EXERCISE BRIEF =
Write out the records that follow exactly. Do not include pictures.

THE DATA =
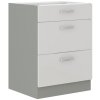 Kuchyňská skříňka Bianca - dolní 60 D 3S šuplíková PREMIUM BOX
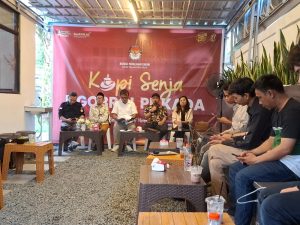 KPU Kota Palangka Raya Gelar Kopi Senja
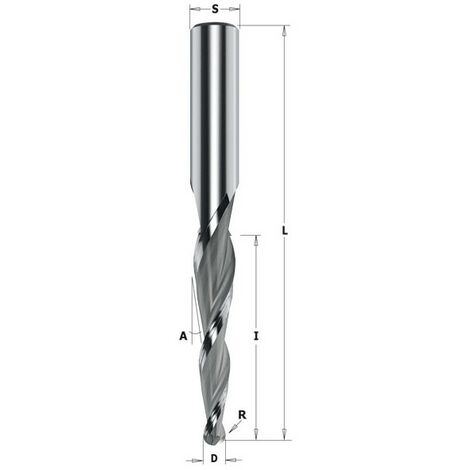 Fresa Helicoidal Cmt Positiva R Conveso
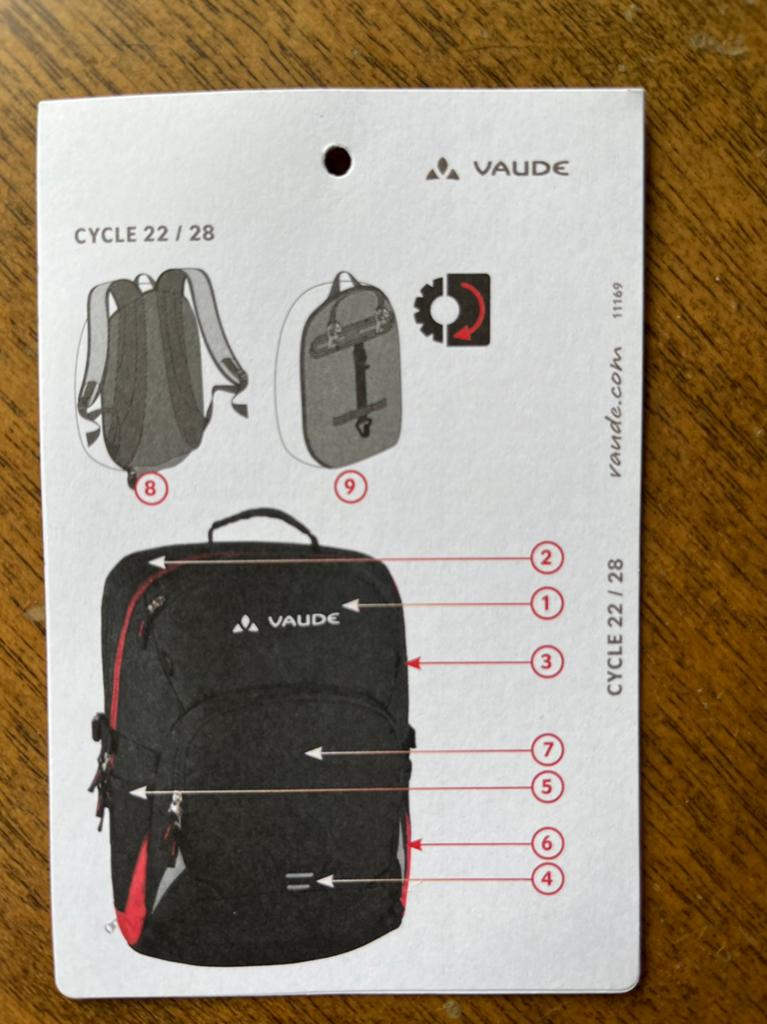 2x Vaude Cycle 22 fietstassen vrijwel nieuw, Ophalen, Zo goed als nieuw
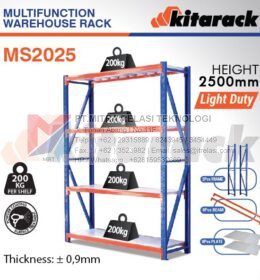 kitarack multifunction warehouse rack ms2025, KITARACK Multifunction Warehouse Rack MS2025, Percayakan Kebutuhan Bisnis dan IT Perusahaan Anda kepada ITRELASI.COM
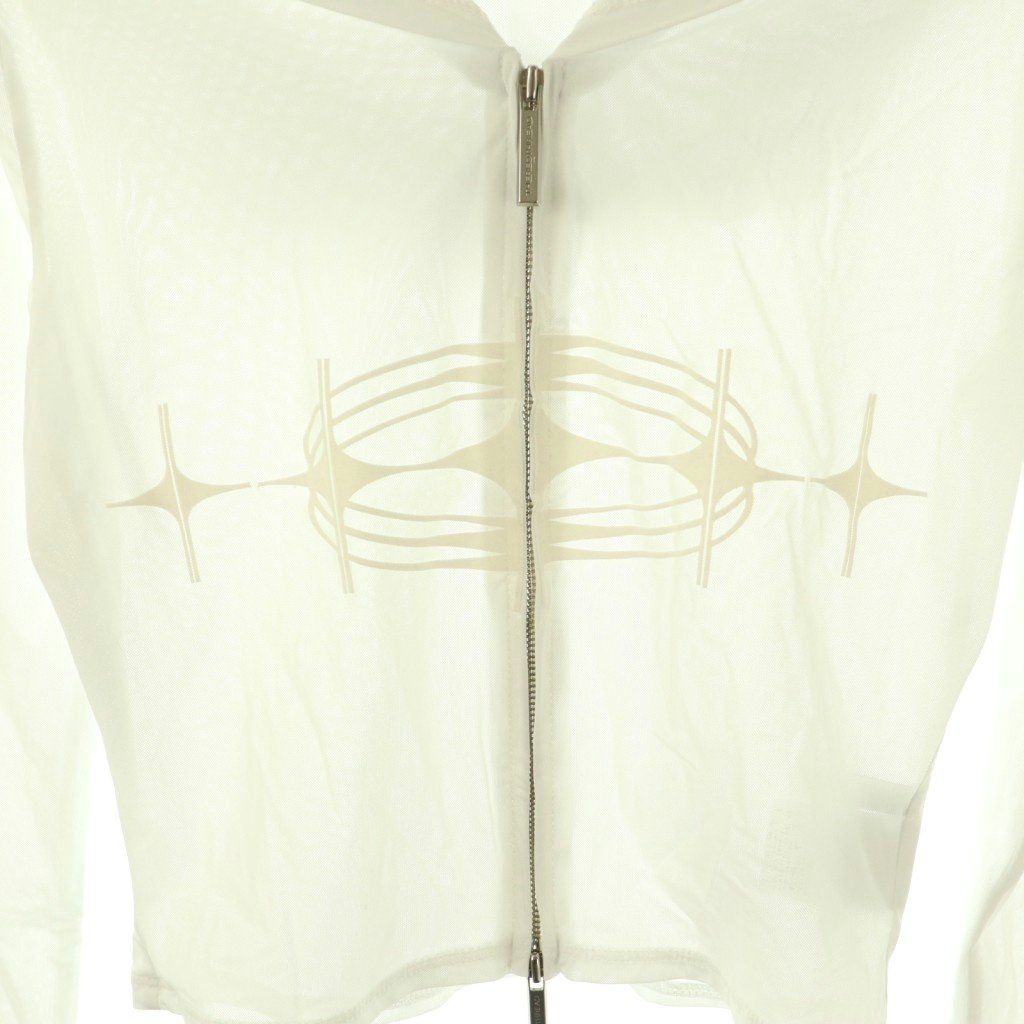 ザレッドスレッド THEREDTHREAD S sheer hoodie sparkles パーカー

WRITTEN SOLUTION =
 Kuchyňská skříňka Bianca - dolní 60 D 3S šuplíková PREMIUM BOX
 KPU Kota Palangka Raya Gelar Kopi Senja
 Fresa Helicoidal Cmt Positiva R Conveso
 2x Vaude Cycle 22 fietstassen vrijwel nieuw, Ophalen, Zo goed als nieuw
 kitarack multifunction warehouse rack ms2025, KITARACK Multifunction Warehouse Rack MS2025, Percayakan Kebutuhan Bisnis dan IT Perusahaan Anda kepada ITRELASI.COM
 ザレッドスレッド THEREDTHREAD S sheer hoodie sparkles パーカー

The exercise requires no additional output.